The National Association of Actors (ANDA) of Mexico named their most important medal, awarded to its members when they turn 50 years of career, in his honor.

Filmography

 Don Juan diplomático (1931) as Doctor
 Resurrection (1931)
 Drácula (1931) as Van Helsing
 Cheri-Bibi (1931) as Bourrelier
 El tenorio del harem (1931) as El mercador
 Tierra, amor y dolor (1935)
 Monja casada, virgen y mártir (1935) as Don Juan Gutiérrez
 Martín Garatuza (1935)
 Tribu (1935) as Zotil
 El rayo de Sinaloa (1935) as Don Antonio Fajardo
 Almas rebeldes (1937)
 Abnegación (1938)
 Guadalupe La Chinaca (1938) as Don Julián de Avellaneda
 Caminos de ayer (1938) as Stefano Mascagnini
 Perjura (1938) as Don Gonzalo
 María (1938) as Don Jerónimo
 El capitán aventurero (1939) as Don Martin, el corregidor
 Cada loco con su tema (1939) as Severo - Cedronio Conquián
 Perfidia (1939) as Ernesto, Baroni's Old Friend
 Luces de barriada (1939)
 Miente y serás feliz (1940) as Doctor
 Los de abajo (1940) as Venancio
 Here's the Point (1940) as Juez sordo
 Con su amable permiso (1940) as Don Ramón de Olvera
 El milagro de Cristo (1941)
 Las cinco advertencias de Satanás (1941)
 The Unknown Policeman (1941)
 El que tenga un amor (1942)
 Simón Bolívar (1942) as Presidente del Congreso del Perú (uncredited)
 ¡Así se quiere en Jalisco! (1942) as El Tata
 The Circus (1943) as Coronel (as E. Arozamena)

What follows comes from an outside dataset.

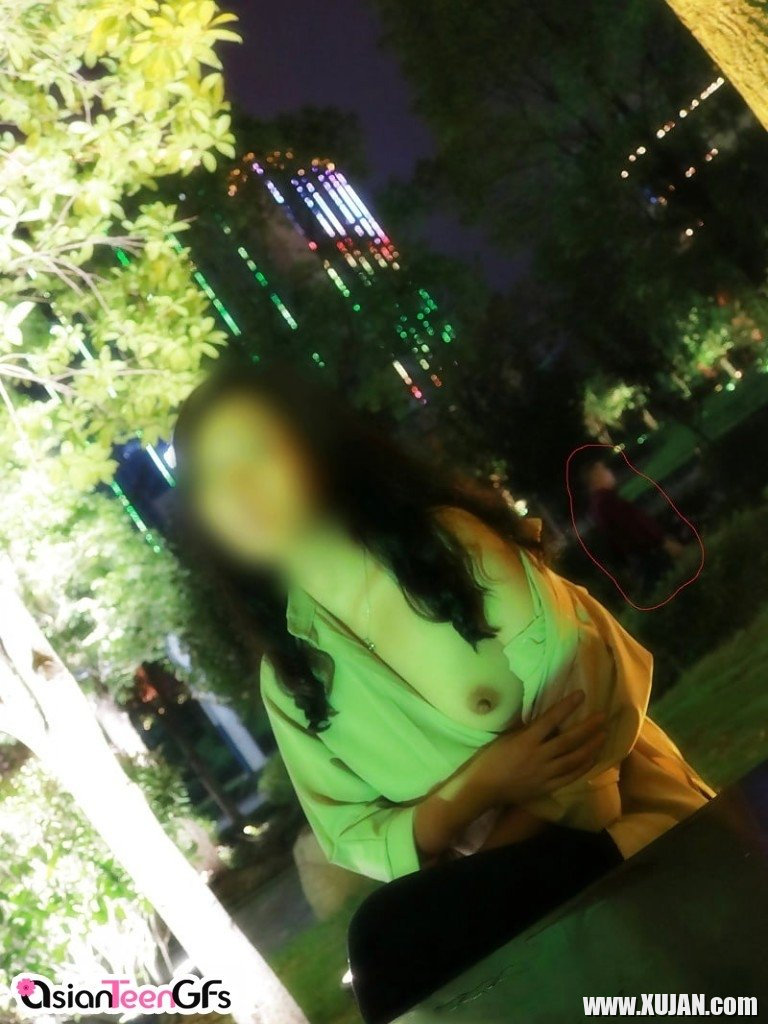 Asiakan aghjiky metsatsnum e ir krtsqery hanrutyan mej - Photo #2795714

 Morenita clara (1943) as Padre Jesús
 Wild Flower (1943) as Melchor
 De Nueva York a Huipanguillo (1943)
 Doña Bárbara (1943) as Melesio Sandoval
 Mexicanos al grito de guerra (1943) as Señor Salas
 ¡Viva mi desgracia! (1944) as Don Doroteo
 Caminito alegre (1944) as Don José Limón
 Felipe Derblay, el herrero (1944)
 La vida inútil de Pito Pérez (1944) as Padre Jureco
 El amor de los amores (1944)
 Toros, amor y gloria (1944) as Don Leopoldo
 Así son ellas (1944)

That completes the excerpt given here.